Stored data entries
-=-=-
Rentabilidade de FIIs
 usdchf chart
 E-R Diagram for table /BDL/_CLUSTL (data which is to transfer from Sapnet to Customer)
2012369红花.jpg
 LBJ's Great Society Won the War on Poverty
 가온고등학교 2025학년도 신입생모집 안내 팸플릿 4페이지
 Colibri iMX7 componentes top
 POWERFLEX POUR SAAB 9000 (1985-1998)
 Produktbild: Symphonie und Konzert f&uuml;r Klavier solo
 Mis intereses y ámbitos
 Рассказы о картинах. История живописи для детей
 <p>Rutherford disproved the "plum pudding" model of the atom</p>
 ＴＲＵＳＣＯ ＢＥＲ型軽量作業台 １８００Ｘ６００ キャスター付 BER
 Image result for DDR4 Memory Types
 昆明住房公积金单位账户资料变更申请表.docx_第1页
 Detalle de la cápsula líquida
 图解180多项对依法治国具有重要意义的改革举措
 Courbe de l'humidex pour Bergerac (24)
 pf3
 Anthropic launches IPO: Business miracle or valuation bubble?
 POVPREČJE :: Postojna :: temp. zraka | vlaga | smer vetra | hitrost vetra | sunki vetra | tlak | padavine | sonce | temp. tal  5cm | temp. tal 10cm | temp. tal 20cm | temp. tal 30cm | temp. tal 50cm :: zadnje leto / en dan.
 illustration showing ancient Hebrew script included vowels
-=-=-
### WHAT THE EXERCISE ASKS
From the first line to the last, retype the data exactly.

### EXPECTED ANSWER
Rentabilidade de FIIs
 usdchf chart
 E-R Diagram for table /BDL/_CLUSTL (data which is to transfer from Sapnet to Customer)
2012369红花.jpg
 LBJ's Great Society Won the War on Poverty
 가온고등학교 2025학년도 신입생모집 안내 팸플릿 4페이지
 Colibri iMX7 componentes top
 POWERFLEX POUR SAAB 9000 (1985-1998)
 Produktbild: Symphonie und Konzert f&uuml;r Klavier solo
 Mis intereses y ámbitos
 Рассказы о картинах. История живописи для детей
 <p>Rutherford disproved the "plum pudding" model of the atom</p>
 ＴＲＵＳＣＯ ＢＥＲ型軽量作業台 １８００Ｘ６００ キャスター付 BER
 Image result for DDR4 Memory Types
 昆明住房公积金单位账户资料变更申请表.docx_第1页
 Detalle de la cápsula líquida
 图解180多项对依法治国具有重要意义的改革举措
 Courbe de l'humidex pour Bergerac (24)
 pf3
 Anthropic launches IPO: Business miracle or valuation bubble?
 POVPREČJE :: Postojna :: temp. zraka | vlaga | smer vetra | hitrost vetra | sunki vetra | tlak | padavine | sonce | temp. tal  5cm | temp. tal 10cm | temp. tal 20cm | temp. tal 30cm | temp. tal 50cm :: zadnje leto / en dan.
 illustration showing ancient Hebrew script included vowels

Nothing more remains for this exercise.